Line by line, copy the records below exactly and leave the pictures out.

- RECORDS FOR THIS EXERCISE
========================================

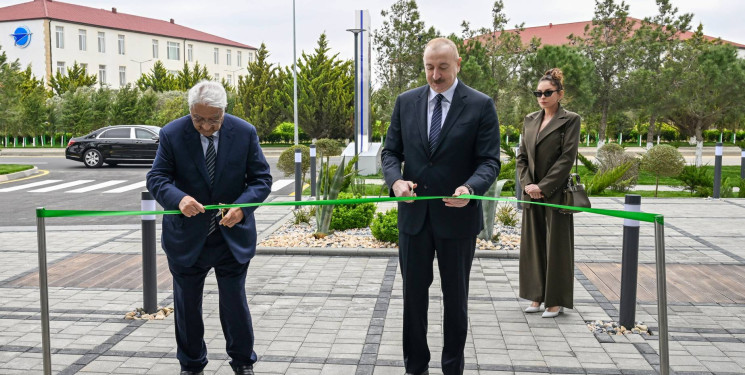 İlham Əliyev Milli Aviasiya Akademiyasında Beynəlxalq Təlim Mərkəzinin açılışında iştirak edib
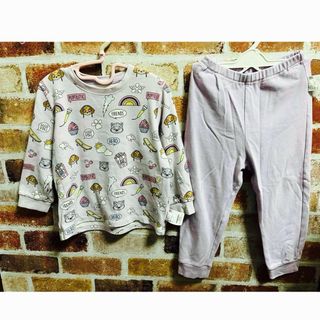 ユニクロ(UNIQLO)のユニクロ★パウパトロールパジャマ　スカイ　エベレスト　パープル　100サイズ(パジャマ)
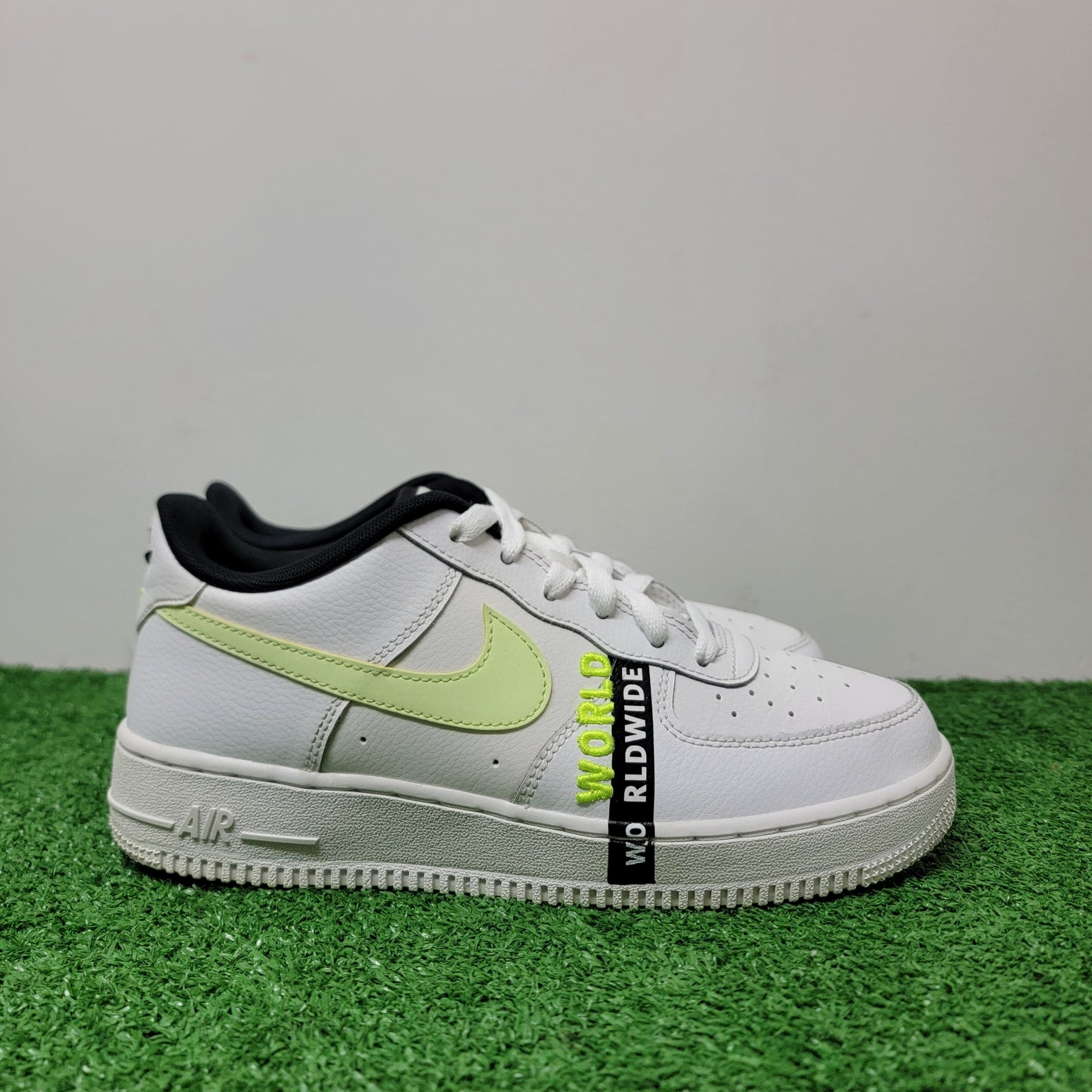 Nike Air Force 1 Low Worldwide size 6.5y Gradeschool Shoes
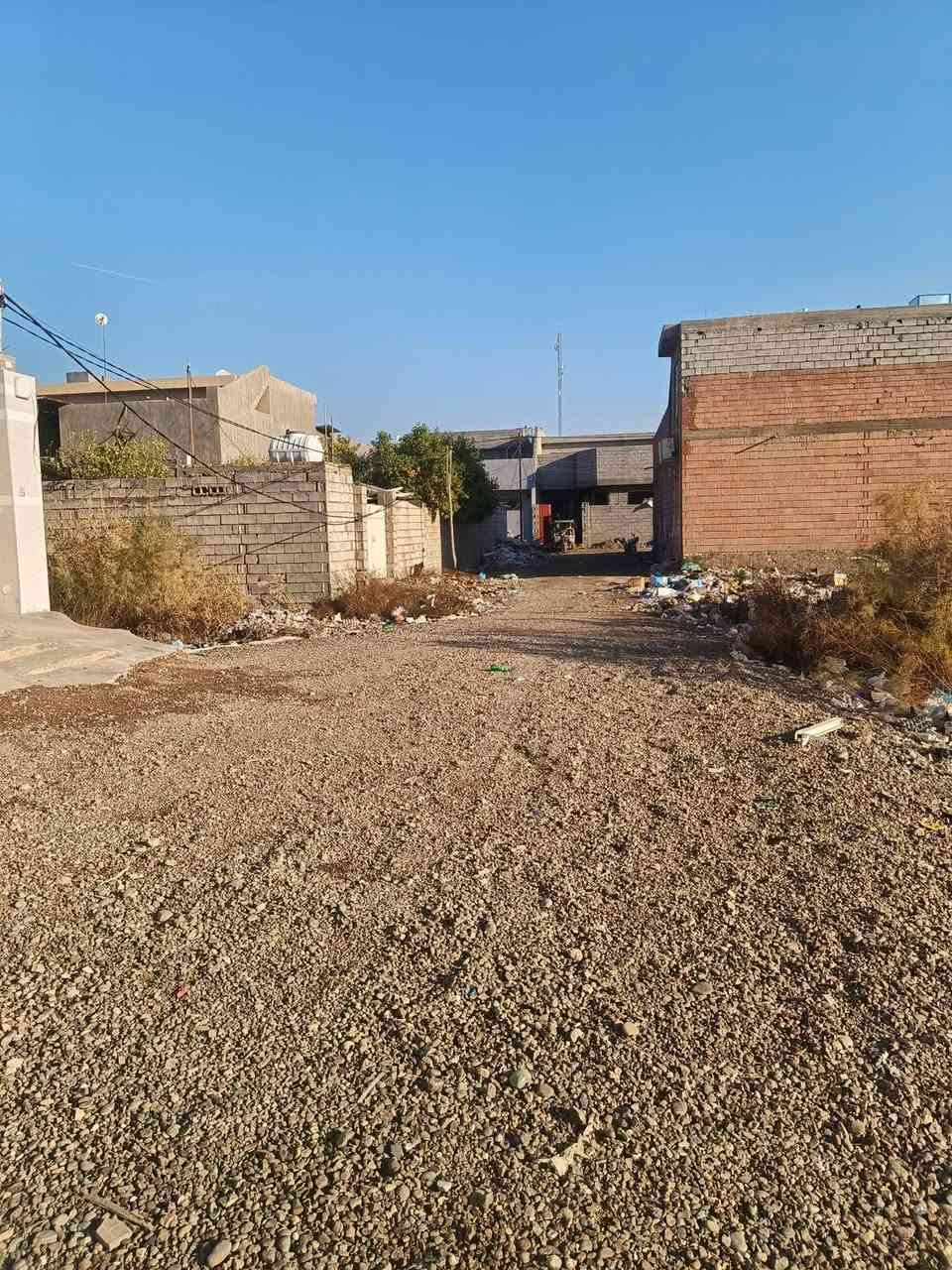 السلام عليكم قطعه أرض 200م واجهه 10م والنزال20م بيها رباط ملك سند زراعي تحويل مباشر
 العنوان الجمعية الثالثه الاستفسار والسعر ***********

========================================

- TASK ANSWER
 İlham Əliyev Milli Aviasiya Akademiyasında Beynəlxalq Təlim Mərkəzinin açılışında iştirak edib
 ユニクロ(UNIQLO)のユニクロ★パウパトロールパジャマ　スカイ　エベレスト　パープル　100サイズ(パジャマ)
 Nike Air Force 1 Low Worldwide size 6.5y Gradeschool Shoes
 السلام عليكم قطعه أرض 200م واجهه 10م والنزال20م بيها رباط ملك سند زراعي تحويل مباشر
 العنوان الجمعية الثالثه الاستفسار والسعر ***********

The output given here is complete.